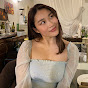 Lizzie Phan Avatar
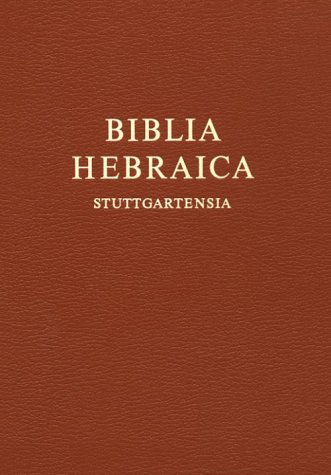 Bibles Bible Studies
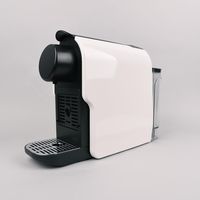 Caffettiera Americana Moccamaster KBG 741 Arancio black 1350 W 1,25 L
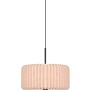 Nordlux VIVIENNE 2612223003 Závěsná lampa 1x15w/E27 IP20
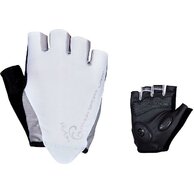 Rukavice AUTHOR LADY SPORT GEL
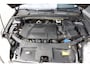 Ford Mondeo Wagon 2.0-16V Limited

- Your assignment -
A precise repetition of every entry, free of pictures, is the expected answer.

- Expected answer -
 Lizzie Phan Avatar
 Bibles Bible Studies
 Caffettiera Americana Moccamaster KBG 741 Arancio black 1350 W 1,25 L
 Nordlux VIVIENNE 2612223003 Závěsná lampa 1x15w/E27 IP20
 Rukavice AUTHOR LADY SPORT GEL
 Ford Mondeo Wagon 2.0-16V Limited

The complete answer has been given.